16/05/2011
Difficile présomption d'innocence
Dominique Strauss-Kahn vient de redevenir un citoyen comme les autres. Certes avec un retentissement médiatique différent. Mais au fond...
On imagine aisément la course de vitesse entamée dans ce commissariat de Harlem: trouver des éléments matériels pour conforter l'accusation. Un bras de fer car, sauf s'il accepte de se flinguer dans l'opinion, Dominique Strauss-Kahn ne peut en aucun cas "s'arranger" (c'est légal aux USA) avec la justice en admettant une partie des accusations et en acceptant de négocier avec la partie civile et le procureur. C'est tout ou rien, ça passe ou ça casse.
DSK, qui plaide non-coupable, est brusquement redevenu un citoyen normal confronté à une accusation d'agression sexuelle: souvent les preuves matérielles manquent, les témoignages sont indirects (à part celui, évidemment, de la victime), la vie personnelle est mise à sac car tout peut être interprété. DSK, de fait, va probablement devoir faire la preuve de son innocence.
DSK a de la chance: les autorités judiciaires américaines sont indépendantes et ne tiennent pas leur autorité d'un diplôme et d'une nomination. Le procureur, par exemple, ne dépend pas du pouvoir politique aux USA. C'est en même temps une malchance pour ses partisans: il va être difficile d'évoquer une manipulation. DSK est donc bien seul, sans ami à part ses avocats.
On espère que des preuves matérielles suffisantes ont été découvertes par la police pour accréditer la parole de l'un ou de l'autre.

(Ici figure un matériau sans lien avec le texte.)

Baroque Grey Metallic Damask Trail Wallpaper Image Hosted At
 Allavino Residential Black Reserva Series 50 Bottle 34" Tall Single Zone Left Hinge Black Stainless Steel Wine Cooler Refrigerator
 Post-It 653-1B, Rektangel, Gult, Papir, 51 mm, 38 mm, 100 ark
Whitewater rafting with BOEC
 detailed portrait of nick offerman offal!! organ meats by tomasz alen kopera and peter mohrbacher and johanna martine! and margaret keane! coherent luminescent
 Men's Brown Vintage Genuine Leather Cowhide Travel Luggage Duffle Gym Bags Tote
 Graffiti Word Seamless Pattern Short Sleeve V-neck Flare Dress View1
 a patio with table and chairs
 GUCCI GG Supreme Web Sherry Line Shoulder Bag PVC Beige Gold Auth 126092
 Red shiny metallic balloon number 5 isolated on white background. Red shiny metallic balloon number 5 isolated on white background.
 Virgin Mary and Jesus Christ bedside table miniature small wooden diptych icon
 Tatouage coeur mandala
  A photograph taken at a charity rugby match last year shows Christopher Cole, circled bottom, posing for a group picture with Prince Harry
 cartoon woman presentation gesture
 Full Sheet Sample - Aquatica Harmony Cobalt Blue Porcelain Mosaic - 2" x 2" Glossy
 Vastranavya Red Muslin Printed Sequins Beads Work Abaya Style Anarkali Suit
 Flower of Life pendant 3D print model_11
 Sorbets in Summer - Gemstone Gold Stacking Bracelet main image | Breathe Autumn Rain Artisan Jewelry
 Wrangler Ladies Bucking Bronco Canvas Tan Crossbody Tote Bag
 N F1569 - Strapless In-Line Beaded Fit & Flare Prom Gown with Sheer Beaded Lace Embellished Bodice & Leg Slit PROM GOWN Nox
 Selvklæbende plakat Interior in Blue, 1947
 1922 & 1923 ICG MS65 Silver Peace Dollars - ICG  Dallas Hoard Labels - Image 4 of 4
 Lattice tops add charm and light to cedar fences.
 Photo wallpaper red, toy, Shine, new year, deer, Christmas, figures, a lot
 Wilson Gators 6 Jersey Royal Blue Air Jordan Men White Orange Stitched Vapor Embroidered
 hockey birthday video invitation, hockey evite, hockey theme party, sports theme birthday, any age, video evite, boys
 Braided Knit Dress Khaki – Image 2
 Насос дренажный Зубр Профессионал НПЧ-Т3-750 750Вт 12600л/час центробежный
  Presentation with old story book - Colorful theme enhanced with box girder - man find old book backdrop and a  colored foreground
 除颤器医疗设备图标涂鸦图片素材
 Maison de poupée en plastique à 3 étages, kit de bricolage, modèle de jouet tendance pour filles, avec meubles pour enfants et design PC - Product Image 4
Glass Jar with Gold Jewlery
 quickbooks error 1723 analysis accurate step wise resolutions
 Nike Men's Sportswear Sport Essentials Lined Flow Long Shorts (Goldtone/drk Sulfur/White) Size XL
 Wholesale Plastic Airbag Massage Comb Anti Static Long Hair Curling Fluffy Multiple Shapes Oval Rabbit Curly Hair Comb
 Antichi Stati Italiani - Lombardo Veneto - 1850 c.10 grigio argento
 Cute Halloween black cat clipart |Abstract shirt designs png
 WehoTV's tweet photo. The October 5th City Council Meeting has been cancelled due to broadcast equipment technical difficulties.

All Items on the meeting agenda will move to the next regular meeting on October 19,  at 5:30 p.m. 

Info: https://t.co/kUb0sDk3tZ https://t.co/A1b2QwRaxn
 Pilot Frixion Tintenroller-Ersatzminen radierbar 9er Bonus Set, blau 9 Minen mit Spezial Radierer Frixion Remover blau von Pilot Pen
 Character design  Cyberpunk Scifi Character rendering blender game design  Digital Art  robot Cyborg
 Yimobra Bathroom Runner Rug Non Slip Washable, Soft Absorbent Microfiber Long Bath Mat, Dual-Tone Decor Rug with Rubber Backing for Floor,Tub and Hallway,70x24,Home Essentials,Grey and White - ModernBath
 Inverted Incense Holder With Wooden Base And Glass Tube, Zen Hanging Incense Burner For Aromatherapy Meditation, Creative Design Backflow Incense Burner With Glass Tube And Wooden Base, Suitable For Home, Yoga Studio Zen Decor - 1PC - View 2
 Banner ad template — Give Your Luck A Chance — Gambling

Car, comme dans les agressions sexuelles reprochées aux citoyens de base, la parole, si l'on manque d'éléments tangibles, va vite être donnée aux psychiatres et au passé.
Passons sur les analystes des "psy". Reste le passé. Comme pour un citoyen ordinaire, on risque de demander au passé d'accréditer le présent.
On va ressortir ainsi l'histoire de ses relations adultérines avec Piroska Nagi, ancienne responsable du département Afrique du FMI. Aurait-elle bénéficié de faveurs, d'une promotion canapé? C'est l'affaire qui éclate fin 2008. DSK a été blanchi. Toutefois, la justice américaine va sûrement noter que le doyen du conseil d'administration du FMI a parlé "de faits regrettables et reflétant une erreur de jugement". Un juge suspicieux va donc en conclure qu'il ne s'est pas "rien" passé.
D'autant que, lors de la nomination de DSK à la tête du FMI, Jean Quatremer, journaliste à Libération, écrit en 2007: "Le seul vrai problème de Strauss-Kahn, c'est son rapport aux femmes. Trop souvent, il frôle le harcèlement". Le journaliste ajoutait une prédiction: aux USA, ce type de comportement risque de ne pas passer.
En France, le témoignage de Tristane Banon remontera également à la surface. Elle affirme avoir été victime d'une agression sexuelle de la part de DSK en 2002 alors qu'elle était jeune journaliste. Pour ne pas griller sa carrière, et aussi pour des raisons familiales et politiques (sa mère est vice-présidente socialiste du conseil général de l'Eure et conseillère régionale de Haute-Normandie), elle ne dépose pas plainte. Mais l'affaire prétendue est racontée en 2008 et la mère de la jeune femme vient de s'exprimer à ce sujet sur France 3. Evidemment, rien ne prouve que les dires de la jeune femme sont exacts. On peut même trouver très suspectes les attitudes de ces deux femmes. Mais, comme pour le citoyen de base, de tels "précédents" remontent quand on est accusé.
Enfin, pour l'instant, toute la compassion de la classe politique va à DSK. Personne ne parle de la présumée victime, cette femme de ménage âgée de 32 ans. qui vient de reconnaître formellement le suspect DSK dans une parade d'identification. On ne pourra longtemps faire comme si cette dame n'existait pas. Là aussi, comme le citoyen de base, DSK va se retrouver bien seul. Comme dit Bernard Tapie, "il lutte pour sa peau".